Bergtalzug implements a dynamic multi-stage pipeline architecture where you can define any number of processing stages, each with its own:

  • Execution model: Async, ThreadPoolExecutor, ProcessPoolExecutor, or InterpreterPoolExecutor (Python 3.14+)
  • Worker count: Configure concurrency per stage independently
  • Queue size: Control backpressure with per-stage queue limits
  • Custom logic: Each stage is a function you define

Pipeline Flow

Data flows through stages as WorkItem objects. Each stage has its own pool of workers:

                    Stage1      Stage2      Stage3      Stage4
                    Stage1      Stage2      Stage3      Stage4
refill_queue()  ->  Stage1  ->  Stage2  ->  Stage3  ->  Stage4
                    Stage1      Stage2      Stage3      Stage4
                    Stage1      Stage2      Stage3      Stage4

Each WorkItem goes through the entire pipeline sequentially before being marked as "completed". Items are retrieved by implementing the refill_queue() method, which the pipeline calls automatically when the first stage's queue needs refilling.
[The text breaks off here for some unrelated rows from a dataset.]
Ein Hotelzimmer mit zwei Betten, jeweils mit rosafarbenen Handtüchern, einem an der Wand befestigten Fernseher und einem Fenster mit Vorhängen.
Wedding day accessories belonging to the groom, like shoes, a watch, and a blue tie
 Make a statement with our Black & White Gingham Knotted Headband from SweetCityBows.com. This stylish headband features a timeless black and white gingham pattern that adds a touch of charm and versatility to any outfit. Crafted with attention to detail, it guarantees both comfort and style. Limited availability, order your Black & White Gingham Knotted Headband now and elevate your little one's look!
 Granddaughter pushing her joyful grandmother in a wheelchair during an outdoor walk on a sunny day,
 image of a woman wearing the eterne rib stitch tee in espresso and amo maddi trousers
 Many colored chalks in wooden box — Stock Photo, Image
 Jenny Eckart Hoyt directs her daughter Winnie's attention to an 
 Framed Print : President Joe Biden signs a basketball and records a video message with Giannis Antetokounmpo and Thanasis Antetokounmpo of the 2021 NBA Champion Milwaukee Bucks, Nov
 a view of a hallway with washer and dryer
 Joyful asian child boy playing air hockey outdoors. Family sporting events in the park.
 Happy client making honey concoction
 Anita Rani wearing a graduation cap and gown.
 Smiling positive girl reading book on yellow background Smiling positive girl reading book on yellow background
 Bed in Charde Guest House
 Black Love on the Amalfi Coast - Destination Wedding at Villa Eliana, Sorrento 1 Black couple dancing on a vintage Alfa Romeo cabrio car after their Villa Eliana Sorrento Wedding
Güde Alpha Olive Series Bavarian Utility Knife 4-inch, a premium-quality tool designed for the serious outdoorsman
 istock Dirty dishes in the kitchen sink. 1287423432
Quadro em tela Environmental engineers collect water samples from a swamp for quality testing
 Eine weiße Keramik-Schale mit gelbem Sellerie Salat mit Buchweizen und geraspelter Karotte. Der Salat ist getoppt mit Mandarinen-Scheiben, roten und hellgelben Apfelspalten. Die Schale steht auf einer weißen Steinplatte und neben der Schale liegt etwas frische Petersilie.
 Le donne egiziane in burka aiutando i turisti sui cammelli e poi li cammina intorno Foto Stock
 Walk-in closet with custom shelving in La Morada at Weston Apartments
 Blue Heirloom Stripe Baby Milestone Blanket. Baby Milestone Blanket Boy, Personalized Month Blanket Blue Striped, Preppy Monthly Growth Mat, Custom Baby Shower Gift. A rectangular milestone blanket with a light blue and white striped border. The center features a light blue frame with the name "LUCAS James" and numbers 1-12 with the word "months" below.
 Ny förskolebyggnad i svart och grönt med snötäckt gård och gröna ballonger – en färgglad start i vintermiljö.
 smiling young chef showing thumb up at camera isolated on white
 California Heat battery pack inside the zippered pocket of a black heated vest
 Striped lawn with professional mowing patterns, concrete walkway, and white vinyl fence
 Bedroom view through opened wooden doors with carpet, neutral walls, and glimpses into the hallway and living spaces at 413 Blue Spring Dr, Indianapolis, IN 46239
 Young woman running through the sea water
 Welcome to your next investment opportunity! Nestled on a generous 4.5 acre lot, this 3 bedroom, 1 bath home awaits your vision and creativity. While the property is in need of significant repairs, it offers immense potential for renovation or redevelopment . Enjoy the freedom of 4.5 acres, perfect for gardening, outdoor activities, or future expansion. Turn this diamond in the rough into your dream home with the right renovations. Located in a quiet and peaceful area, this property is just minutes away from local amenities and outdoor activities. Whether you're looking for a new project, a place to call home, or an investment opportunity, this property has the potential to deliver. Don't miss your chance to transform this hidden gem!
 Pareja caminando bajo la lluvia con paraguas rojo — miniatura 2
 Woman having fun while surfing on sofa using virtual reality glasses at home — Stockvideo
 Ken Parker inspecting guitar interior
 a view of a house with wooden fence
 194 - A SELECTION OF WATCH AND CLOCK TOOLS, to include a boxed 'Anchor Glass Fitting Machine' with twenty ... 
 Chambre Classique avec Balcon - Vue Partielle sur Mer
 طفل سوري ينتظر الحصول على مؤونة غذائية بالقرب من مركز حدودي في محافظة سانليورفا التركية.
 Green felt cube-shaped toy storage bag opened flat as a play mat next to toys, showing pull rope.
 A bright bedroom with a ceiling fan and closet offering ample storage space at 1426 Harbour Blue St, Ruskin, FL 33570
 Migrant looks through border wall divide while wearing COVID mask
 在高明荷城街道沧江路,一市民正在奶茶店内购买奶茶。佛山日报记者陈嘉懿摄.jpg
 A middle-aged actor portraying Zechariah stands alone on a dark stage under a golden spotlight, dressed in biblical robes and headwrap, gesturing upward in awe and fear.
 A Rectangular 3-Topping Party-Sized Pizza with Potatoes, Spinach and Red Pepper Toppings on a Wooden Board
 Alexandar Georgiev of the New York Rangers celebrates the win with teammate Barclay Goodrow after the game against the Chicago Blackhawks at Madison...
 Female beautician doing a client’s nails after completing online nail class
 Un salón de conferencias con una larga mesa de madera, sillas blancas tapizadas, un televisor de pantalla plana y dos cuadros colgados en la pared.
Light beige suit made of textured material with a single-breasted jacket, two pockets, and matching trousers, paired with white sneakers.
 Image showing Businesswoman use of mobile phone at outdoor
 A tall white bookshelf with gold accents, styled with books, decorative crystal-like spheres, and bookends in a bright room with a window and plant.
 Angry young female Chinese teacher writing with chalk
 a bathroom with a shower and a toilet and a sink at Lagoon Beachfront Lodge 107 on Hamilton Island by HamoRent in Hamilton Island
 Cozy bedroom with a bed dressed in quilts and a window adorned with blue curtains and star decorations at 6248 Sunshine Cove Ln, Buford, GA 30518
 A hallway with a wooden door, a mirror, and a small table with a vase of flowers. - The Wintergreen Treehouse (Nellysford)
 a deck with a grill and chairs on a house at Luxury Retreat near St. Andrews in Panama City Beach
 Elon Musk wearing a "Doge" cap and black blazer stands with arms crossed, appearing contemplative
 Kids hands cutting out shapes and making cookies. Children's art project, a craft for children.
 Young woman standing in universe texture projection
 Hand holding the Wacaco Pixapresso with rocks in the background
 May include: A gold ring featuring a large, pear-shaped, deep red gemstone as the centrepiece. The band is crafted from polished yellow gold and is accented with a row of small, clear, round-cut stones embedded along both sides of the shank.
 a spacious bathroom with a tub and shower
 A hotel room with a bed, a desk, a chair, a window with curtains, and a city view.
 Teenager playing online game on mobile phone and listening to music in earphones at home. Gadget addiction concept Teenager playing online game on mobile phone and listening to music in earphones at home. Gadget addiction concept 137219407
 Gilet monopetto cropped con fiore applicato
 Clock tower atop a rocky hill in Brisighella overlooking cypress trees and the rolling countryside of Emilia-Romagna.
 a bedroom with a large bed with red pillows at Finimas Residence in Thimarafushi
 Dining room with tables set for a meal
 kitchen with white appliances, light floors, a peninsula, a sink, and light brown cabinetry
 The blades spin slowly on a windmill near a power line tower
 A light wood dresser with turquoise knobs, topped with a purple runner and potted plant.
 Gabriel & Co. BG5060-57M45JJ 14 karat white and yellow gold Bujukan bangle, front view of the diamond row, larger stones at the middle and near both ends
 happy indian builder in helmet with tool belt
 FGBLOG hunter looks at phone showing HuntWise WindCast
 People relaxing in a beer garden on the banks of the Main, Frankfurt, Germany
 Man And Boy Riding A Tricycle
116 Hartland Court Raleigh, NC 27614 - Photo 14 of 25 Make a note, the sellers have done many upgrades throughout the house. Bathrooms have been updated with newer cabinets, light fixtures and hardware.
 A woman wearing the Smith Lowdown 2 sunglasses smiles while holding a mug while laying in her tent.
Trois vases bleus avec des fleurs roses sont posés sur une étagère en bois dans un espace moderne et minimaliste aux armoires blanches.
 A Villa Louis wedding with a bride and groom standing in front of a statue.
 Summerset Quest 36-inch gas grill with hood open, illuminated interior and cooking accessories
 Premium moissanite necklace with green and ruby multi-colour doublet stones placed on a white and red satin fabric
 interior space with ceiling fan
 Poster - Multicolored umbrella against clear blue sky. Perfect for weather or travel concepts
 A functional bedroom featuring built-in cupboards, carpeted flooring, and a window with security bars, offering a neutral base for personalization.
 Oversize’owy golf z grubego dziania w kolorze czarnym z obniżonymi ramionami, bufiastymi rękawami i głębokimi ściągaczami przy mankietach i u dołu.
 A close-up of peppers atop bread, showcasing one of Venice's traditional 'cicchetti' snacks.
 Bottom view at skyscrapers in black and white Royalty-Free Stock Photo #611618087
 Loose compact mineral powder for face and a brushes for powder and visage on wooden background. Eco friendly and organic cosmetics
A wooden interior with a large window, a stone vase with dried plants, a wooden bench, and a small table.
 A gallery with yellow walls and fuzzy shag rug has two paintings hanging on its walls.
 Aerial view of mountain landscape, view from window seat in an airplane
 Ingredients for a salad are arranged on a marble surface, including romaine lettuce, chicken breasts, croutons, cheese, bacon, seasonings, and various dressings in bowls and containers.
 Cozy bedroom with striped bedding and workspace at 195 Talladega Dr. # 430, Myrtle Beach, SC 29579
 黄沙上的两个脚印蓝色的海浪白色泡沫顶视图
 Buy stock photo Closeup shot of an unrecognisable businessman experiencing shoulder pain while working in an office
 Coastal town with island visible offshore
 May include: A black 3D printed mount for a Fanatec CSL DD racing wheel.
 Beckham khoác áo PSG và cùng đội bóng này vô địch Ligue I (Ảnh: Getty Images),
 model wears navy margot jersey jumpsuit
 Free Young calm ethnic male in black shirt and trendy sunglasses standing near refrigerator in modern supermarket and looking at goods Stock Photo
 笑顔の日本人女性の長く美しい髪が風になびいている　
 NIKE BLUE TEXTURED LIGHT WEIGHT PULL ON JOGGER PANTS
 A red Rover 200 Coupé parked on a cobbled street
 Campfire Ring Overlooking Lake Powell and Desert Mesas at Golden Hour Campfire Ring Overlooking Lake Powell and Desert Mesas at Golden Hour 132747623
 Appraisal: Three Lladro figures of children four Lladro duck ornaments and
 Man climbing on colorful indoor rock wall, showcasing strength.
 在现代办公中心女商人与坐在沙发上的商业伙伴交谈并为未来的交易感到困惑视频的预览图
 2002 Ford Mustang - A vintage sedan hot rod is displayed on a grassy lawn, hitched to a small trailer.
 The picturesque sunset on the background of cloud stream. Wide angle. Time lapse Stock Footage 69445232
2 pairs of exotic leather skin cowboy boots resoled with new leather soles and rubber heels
The size of each queue that feeds into each stage is defined in the Stage configuration you create.

Benefits of Multi-Stage Design

The multi-stage architecture with separate worker pools provides several advantages:

  1. Buffering: Data can be buffered between stages, allowing fast stages to continue working even when slower stages are backed up
  2. Resource Optimization: I/O-heavy stages can use async workers, while CPU-heavy stages can use process pools
  3. Independent Scaling: Each stage can be scaled independently based on its specific bottlenecks
  4. Better Throughput: Workers in one stage can start on the next item immediately after finishing, without waiting for the entire pipeline

Execution Types

Bergtalzug supports four execution models for maximum flexibility:

  • ASYNC: Native asyncio for I/O-bound operations (API calls, database queries, file operations)
  • THREAD: ThreadPoolExecutor for blocking I/O operations that can't use async
  • PROCESS: ProcessPoolExecutor for CPU-intensive operations that need true parallelism
  • INTERPRETER: InterpreterPoolExecutor for CPU-intensive operations with true multi-core parallelism (Python 3.14+ only)

You should only use ThreadPoolExecutor if for some reason async is not an option - e.g. the code you are executing releases the GIL but doesn't have an async interface. If your code doesn't release the GIL you can use either the InterpreterPoolExecutor or the ProcessPoolExecutor.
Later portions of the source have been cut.